Court of Appeal makes it harder to vary planning permissions says Karen Cooksley and Colette McCormack at Winckworth Sherwood.
Since the introduction of environmental impact assessments in 1999 it has been common practise (and a requirement for some local planning authorities) to ensure that the description of development on the planning permission contained the maximum number of uses and units.
Any change to the development that affected these uses could be amended by a Section 73 powers in the Town and Country Planning Act application. This process allowed changes to be made to a scheme as long as those changes did not result in the scale or nature of the development being substantially different from the one previously approved. It is commonly referred to as an application to vary a condition on the extant planning permission but in law creates a new permission.
This approach created flexibility to allow the development to respond to changes going forward and was particular useful on large scale multi-phased development where the planning permission allows a build out over a number of years.
A Court of Appeal decision handed down in November 2019 has now made it no longer lawful to allow S73 applications to amend the description of development.
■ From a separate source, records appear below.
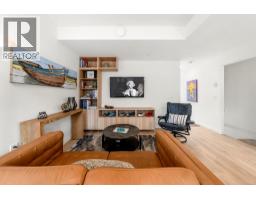 157 555 E 2nd Street, North Vancouver, BC V7L1E1 Photo 6
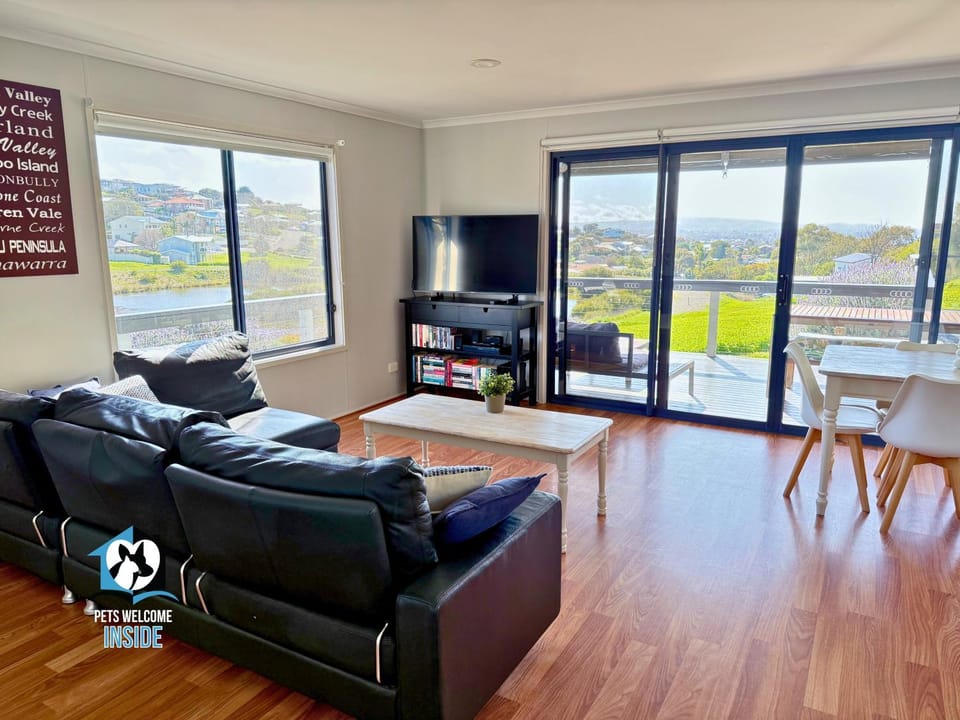 TV and multimedia, View (from property/room), View (from property/room), Living room, Decorative detail, Decorative detail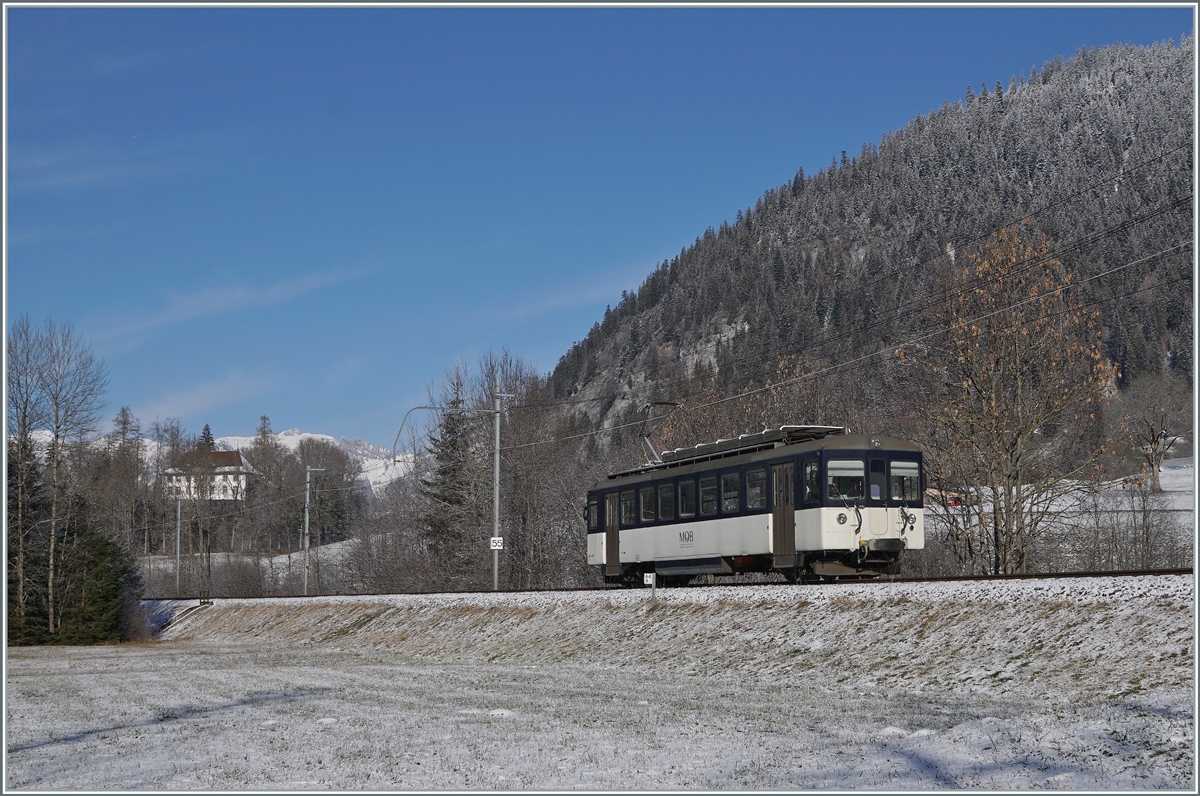 Zwischen Stöckli und Blankenburg ist der MOB Be 4/4 1007 (ex Bipperlisi) auf dem Weg von der Lenk nach Zweisimmen.

3. Dezember 2020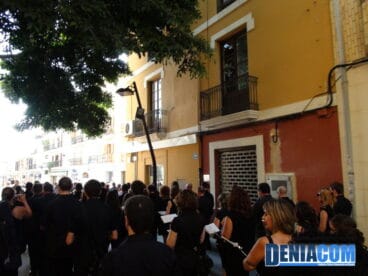 Pasacalles del 60 aniversario de la Agrupación Artística Musical de Dénia avanzando hacia la calle Diana
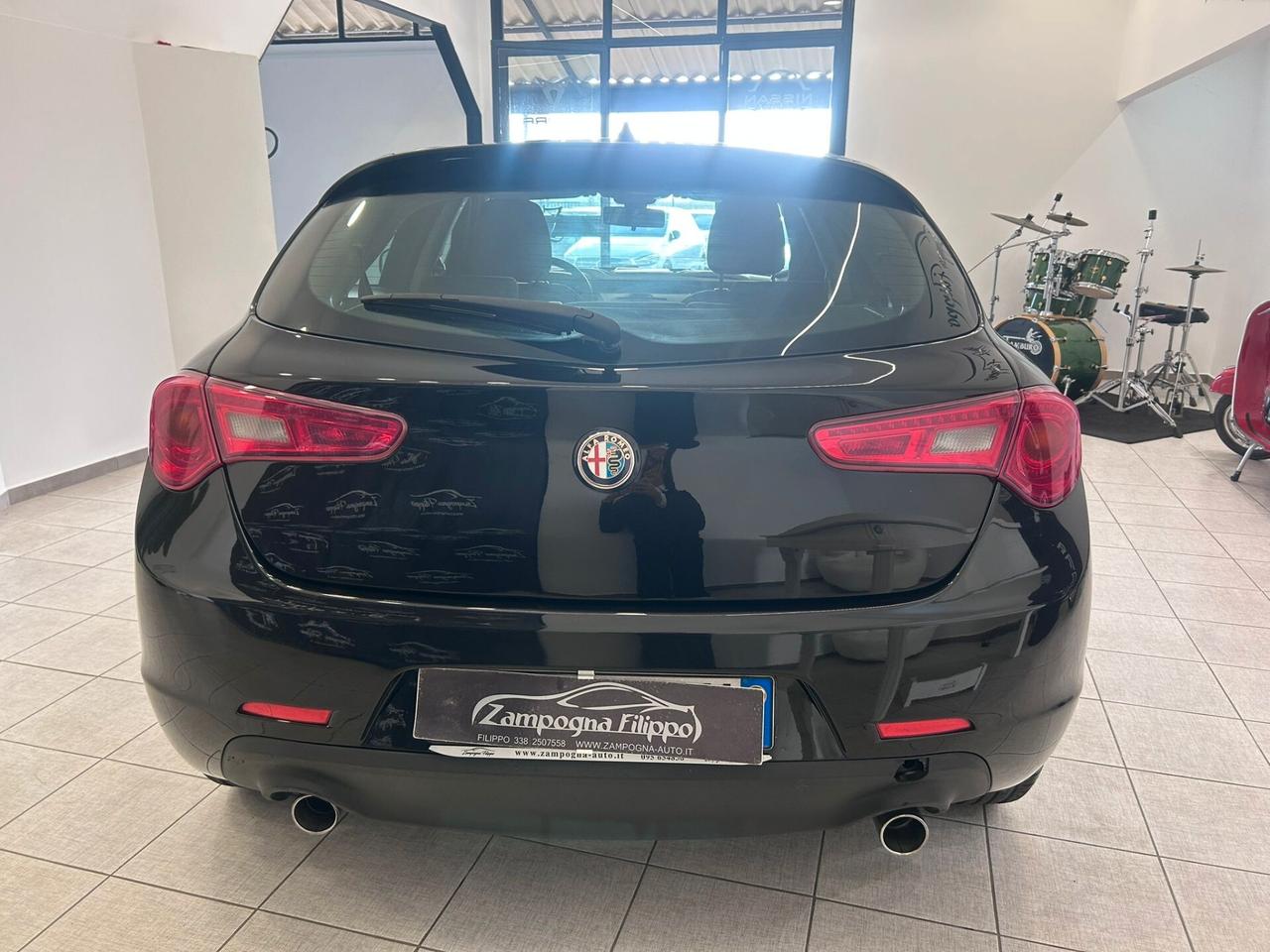Alfa Romeo Giulietta 2.0 JTDm-2 140 CV Distinctive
When a planning permission fixes in the description of the development the number of units or total floor space it is now no longer lawful to secure amendments via Section 73 powers, leaving developers tied to the permissions that are already in place.
The Court of Appeal decision has caught local authorities and social housing providers by surprise, creating problems on sites with existing permissions and requiring new thinking on new planning permissions.
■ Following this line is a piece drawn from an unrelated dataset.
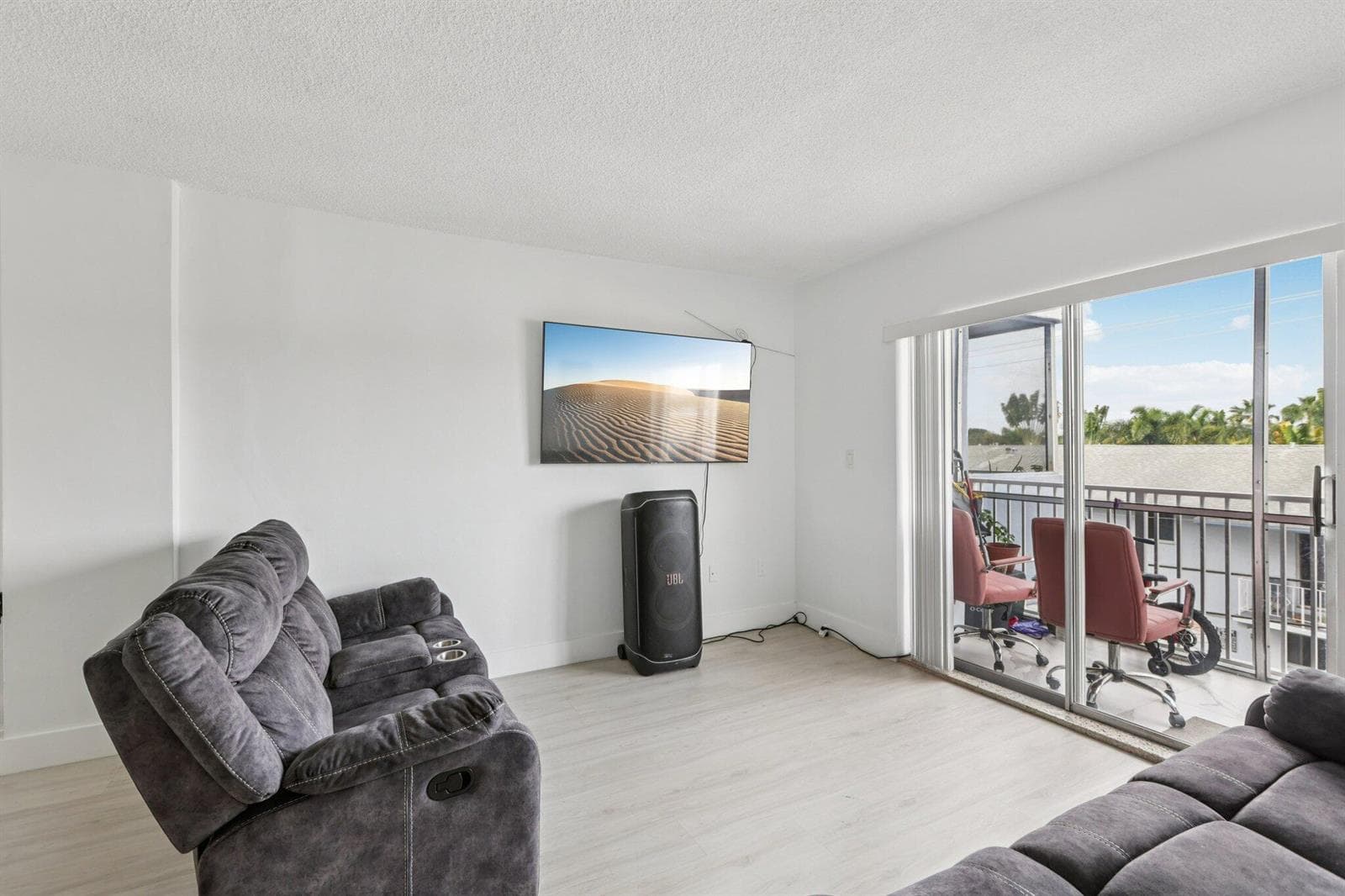 1735 NE 164th Street # 304, North Miami Beach FL 33162 — 4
Social housing providers and developers wishing to make changes to a description of a development in an existing permission should now consider making a request to the relevant local planning authority using Section 96 powers, which allow for non-material changes to permission. The Court of Appeal judgment makes express provision for this.
But there is a word of caution. The decision as to what is material lies with the local planning authority and there is no right of appeal against a local planning authority’s refusal of a Section 96 application. It may decide that the proposed change is material if they have an impact on CIL — an s96A decision is not a planning permission in terms of the CIL regime and so the collecting authority will not be able to secure any uplift.
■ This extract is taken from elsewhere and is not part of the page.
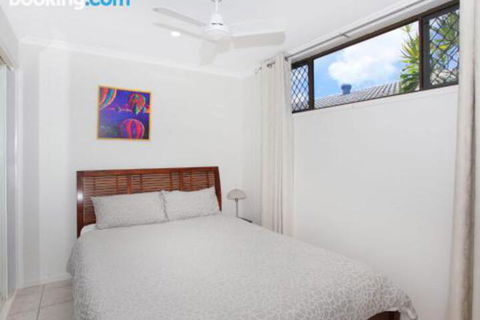 Schirrmann 56 Four Bedroom Home On Canal With Pool Pontoon Aircon & WiFi! - Accommodation Burleigh 4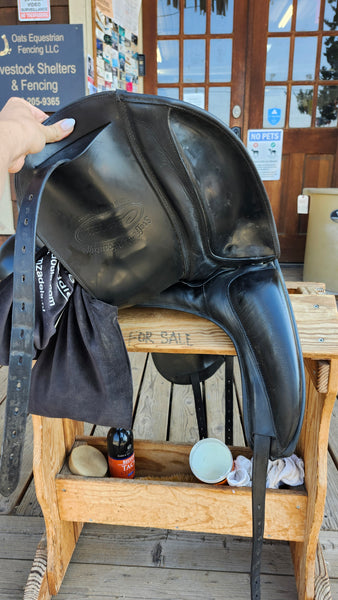 18" Custom Saddlery Steffen's Advantage Dressage Saddle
S96a applications were meant to be swift and if there were no changes to obligations then, unlike S73 applications, no linking deed of variation was required. Where a variation to a Section 106 deed is required, Section 96 applications may take significantly longer to determine.
If the local planning authority considers the change to be material and declines to proceed with a Section 96 application, a wholly new application is likely to be required, with the consent times, additional cost, and the possibility of a new or more onerous planning policy landscape.
A way forward for new planning permissions
Social housing providers, developers and local authorities need now to give careful thought to the structure of the description of development on a planning permission.
We recommend that to preserve the use of Section 73 powers the description of the development in a planning application does not fix the number of units or total floor space. Instead, this should be controlled via planning conditions (the Section 106 agreement can still refer to these maximum numbers and may need to do so for viability reviews), thus enabling Section 73 to be used to change details at a later date to respond to market conditions and delivery.
This approach will, however, require discussion and agreement with the local planning authority, which may not always be forthcoming. It will also require proper consideration of any Environmental Impact Assessment implications to ensure the parameters for assessment are clearly identified so as to minimise the risk of judicial review. This Court of Appeal decision has made an already complex planning landscape just that little more so.